> _RECORDS PROVIDED_
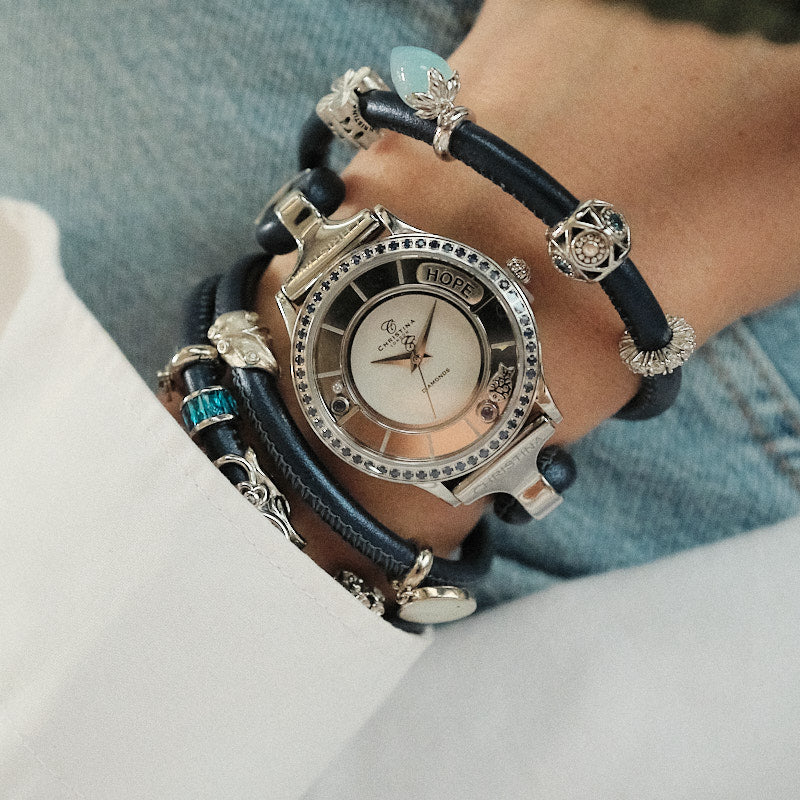 Fish Element for Watch - Polished Sterling Silver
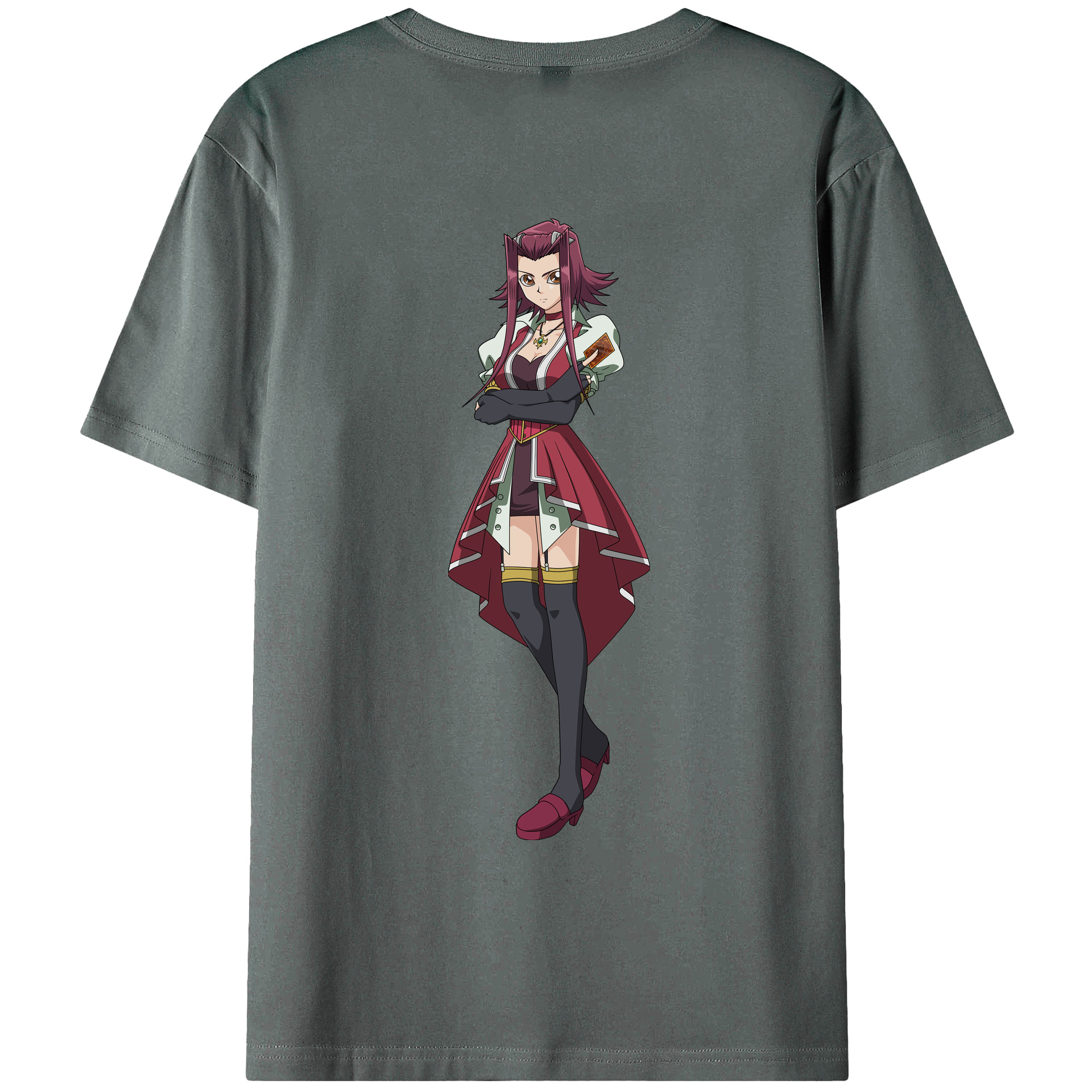 （画像用） 遊☆戯☆王 Yu-Gi-Oh! 綿100％ メンズ半袖Tシャツ（バックプリント） 通気性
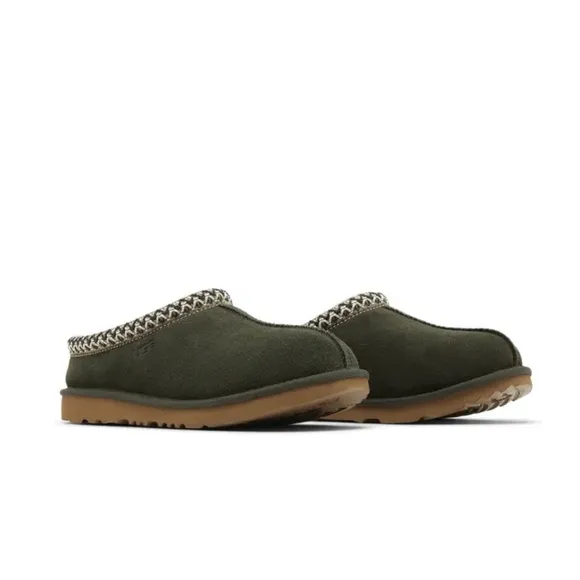 UGG KidsTasman || Slipper &quot;Green&quot;$130 size 13 gently used unisex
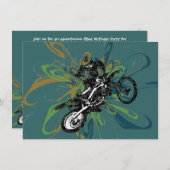 Abstracte uitnodigingen van de Aangepaste Partij v (Voorkant / Achterkant)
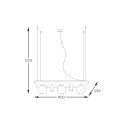 5555 PLANT SHELF LAMPA WISZĄCA CZARNA/BLACK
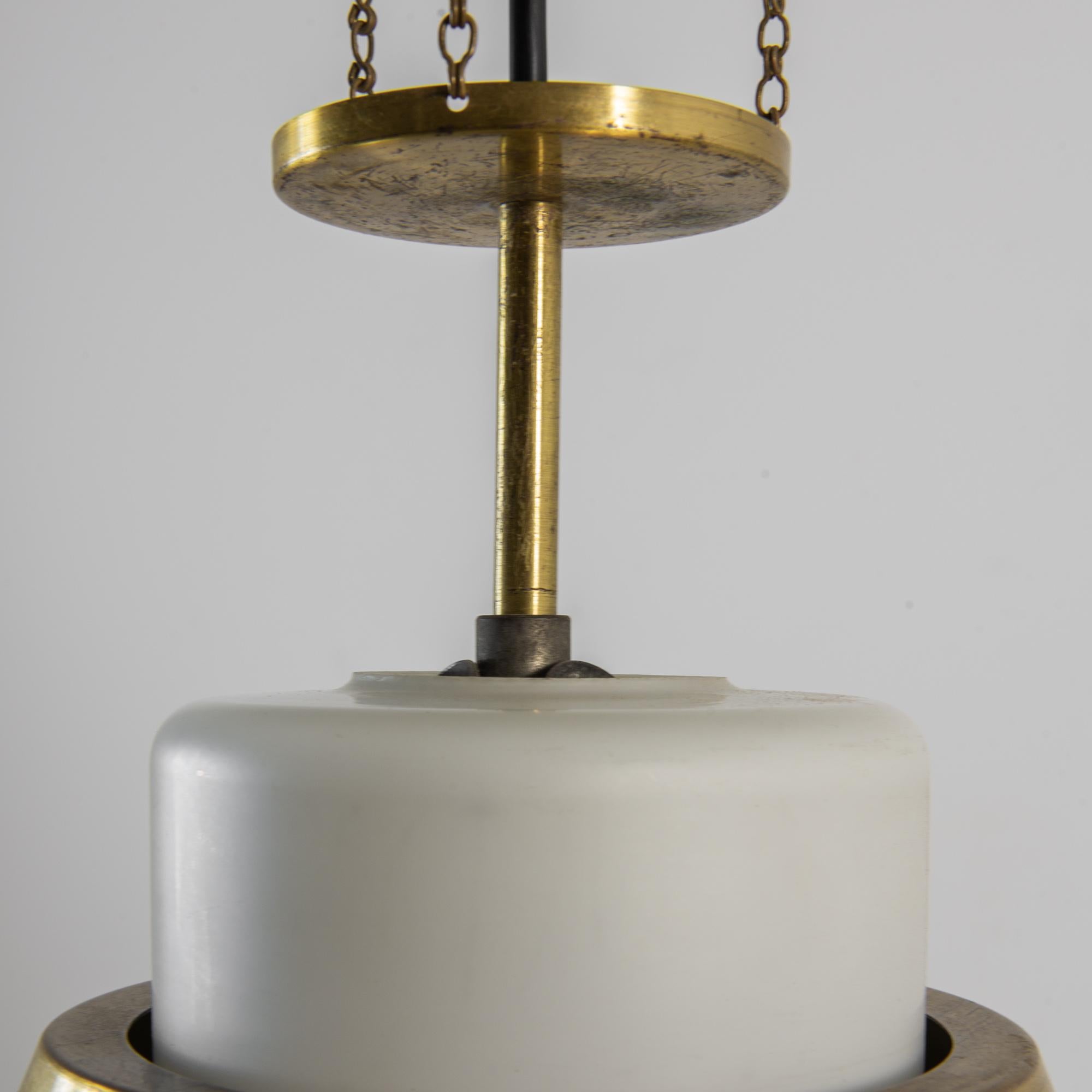 1970s Czech Brass Pendant Lamp For Sale 5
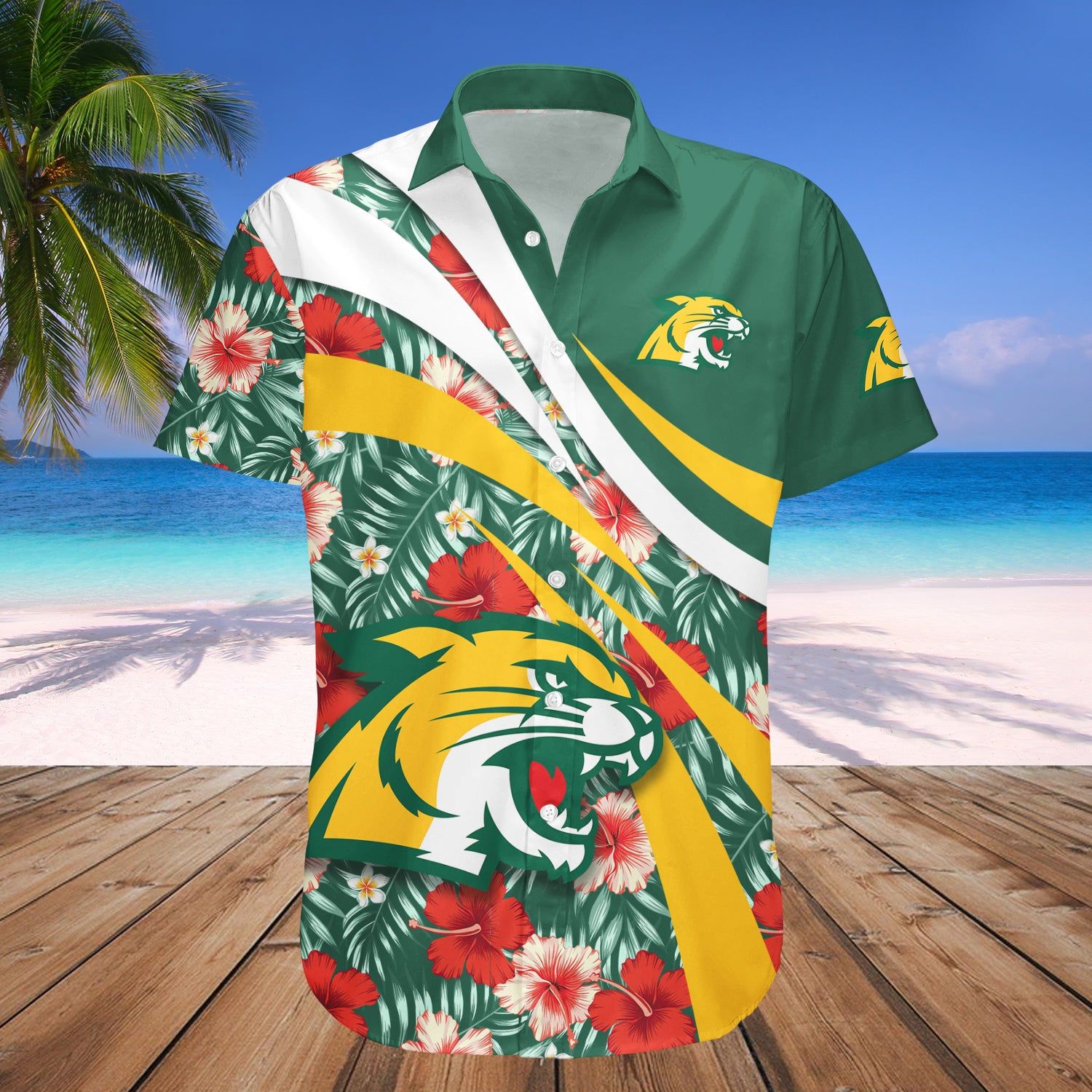 Northern Michigan Wildcats Hawaii Shirt Hibiscus Sport Style – NCAA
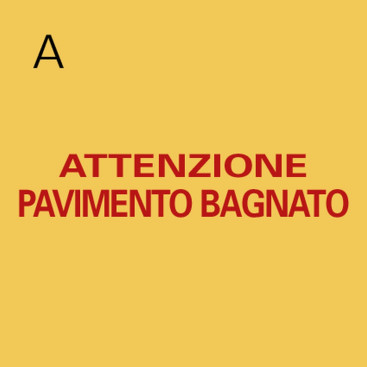 Указатель TTS &quot;Осторожно мокрый пол&quot; (полипроп, 2хсторонний, итал и англ)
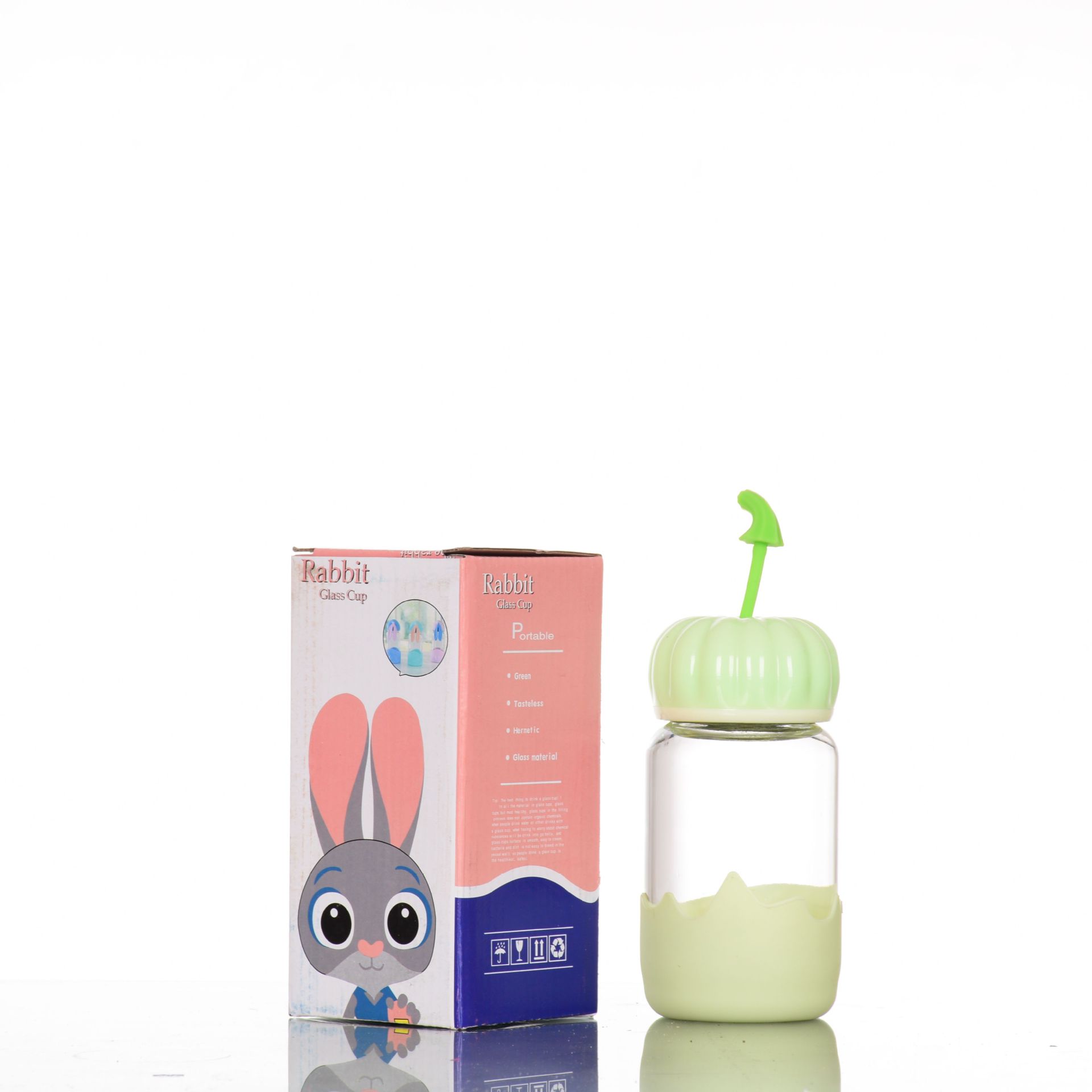 Wholesale and retail of Nan Gua glass water cups, advertising gifts, mushroom cups, portable anti-scald Xiao Ai cups, water cups, customized logos Application Scenario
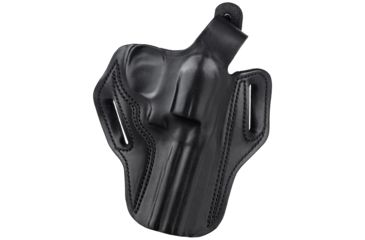 Image of DeSantis Thumb Break Scabbard Holster - Right, Black, Unlined, Plain, 2 Slot 001BA34Z0 - FITS S&amp;W L 520, 581, 586, 620, 681, 686 4in.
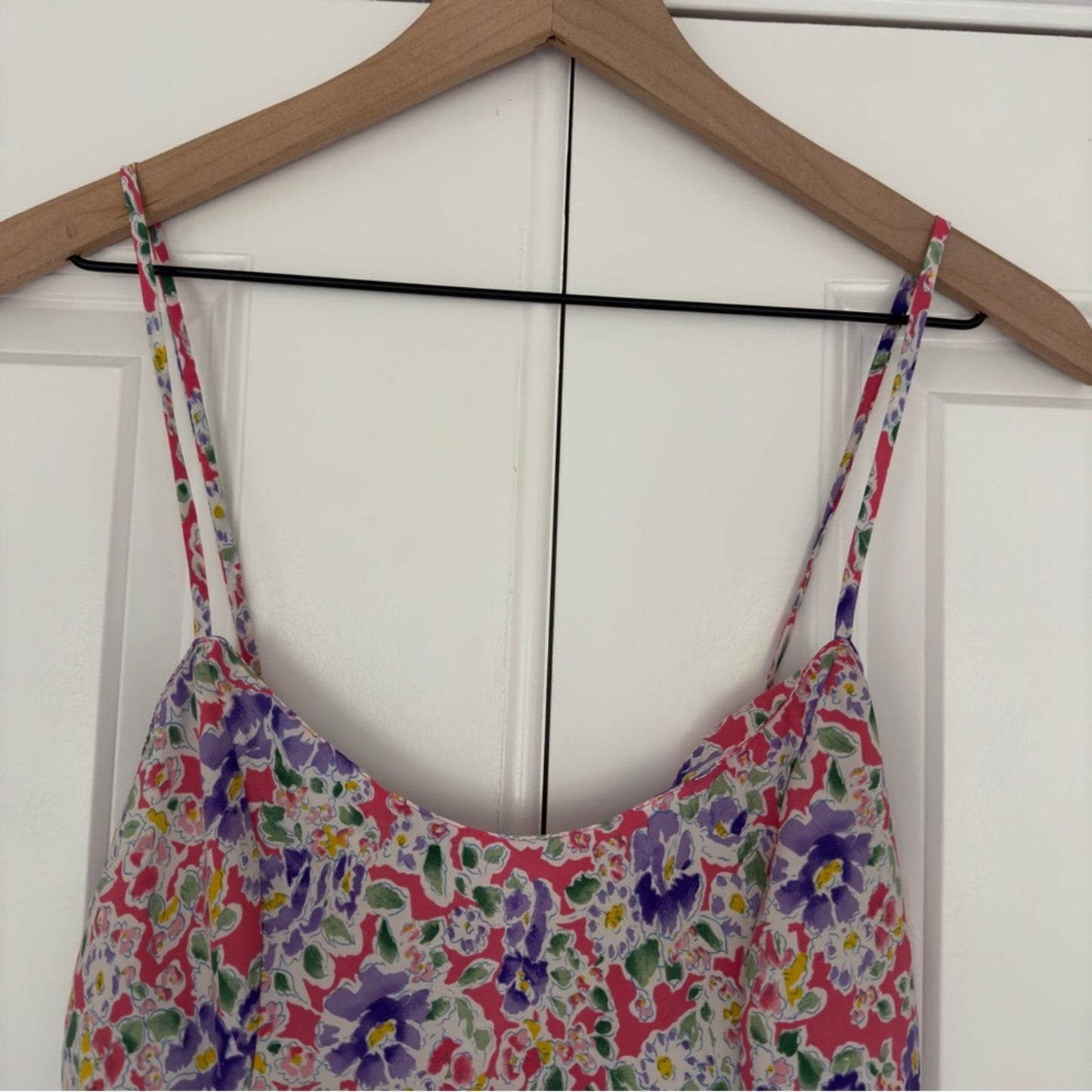 Victoria’s Secret Vintage Gold Label 90s Slip Dress Floral Lace Hem Lingerie P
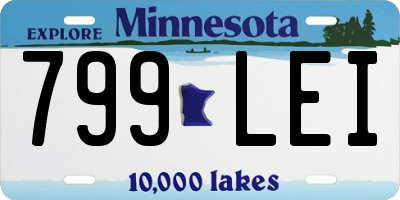 MN license plate 799LEI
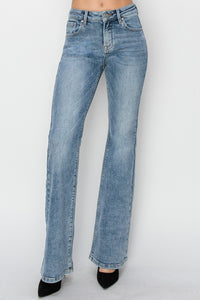 Full Size Mid Rise Bootcut Jeans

> _WORK ITEM_
Every line of the material must be repeated exactly; pictures stay out.

> _RESPONSE AREA_
 Fish Element for Watch - Polished Sterling Silver
 （画像用） 遊☆戯☆王 Yu-Gi-Oh! 綿100％ メンズ半袖Tシャツ（バックプリント） 通気性
 UGG KidsTasman || Slipper &quot;Green&quot;$130 size 13 gently used unisex
 Abstracte uitnodigingen van de Aangepaste Partij v (Voorkant / Achterkant)
 5555 PLANT SHELF LAMPA WISZĄCA CZARNA/BLACK
 1970s Czech Brass Pendant Lamp For Sale 5
 Northern Michigan Wildcats Hawaii Shirt Hibiscus Sport Style – NCAA
 Указатель TTS &quot;Осторожно мокрый пол&quot; (полипроп, 2хсторонний, итал и англ)
 Wholesale and retail of Nan Gua glass water cups, advertising gifts, mushroom cups, portable anti-scald Xiao Ai cups, water cups, customized logos Application Scenario
 Image of DeSantis Thumb Break Scabbard Holster - Right, Black, Unlined, Plain, 2 Slot 001BA34Z0 - FITS S&amp;W L 520, 581, 586, 620, 681, 686 4in.
 Victoria’s Secret Vintage Gold Label 90s Slip Dress Floral Lace Hem Lingerie P
 MN license plate 799LEI
 Full Size Mid Rise Bootcut Jeans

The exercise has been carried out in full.